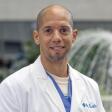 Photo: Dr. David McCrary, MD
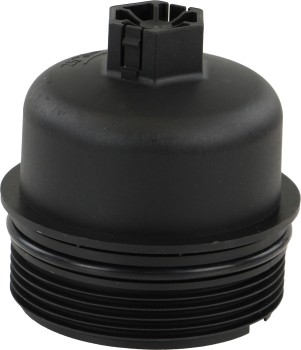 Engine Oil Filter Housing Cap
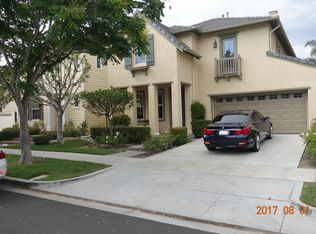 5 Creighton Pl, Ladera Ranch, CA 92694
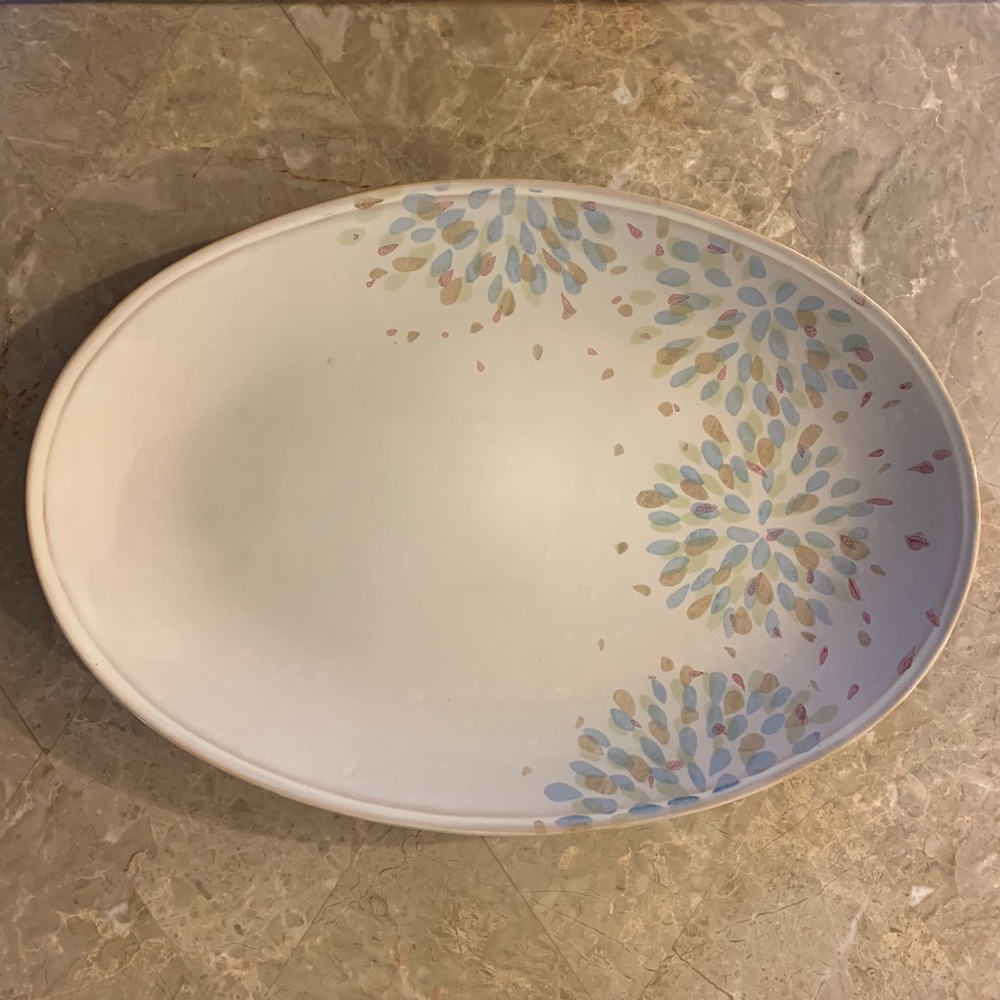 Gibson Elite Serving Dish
▬▬▬▬▬▬▬▬▬▬
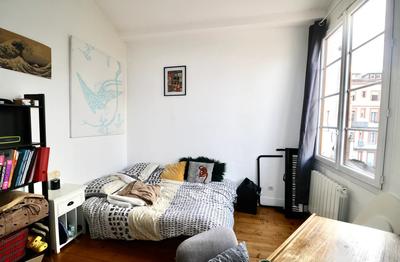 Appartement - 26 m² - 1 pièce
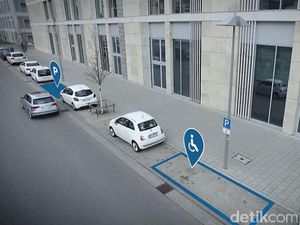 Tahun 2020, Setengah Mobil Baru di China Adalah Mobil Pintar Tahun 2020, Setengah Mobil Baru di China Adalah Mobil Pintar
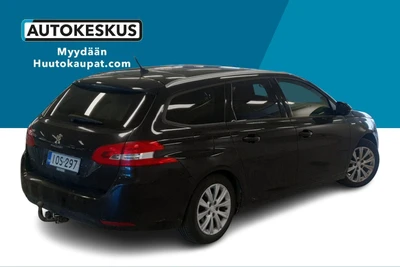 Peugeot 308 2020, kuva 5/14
▬▬▬▬▬▬▬▬▬▬
WHAT YOU NEED TO DO: Starting at the line above with "Appartement - 26 m² - 1 pièce", output every line exactly up to and including the line with "Peugeot 308 2020, kuva 5/14", but none of the pictures.

RESPONSE:
 Appartement - 26 m² - 1 pièce
 Tahun 2020, Setengah Mobil Baru di China Adalah Mobil Pintar Tahun 2020, Setengah Mobil Baru di China Adalah Mobil Pintar
 Peugeot 308 2020, kuva 5/14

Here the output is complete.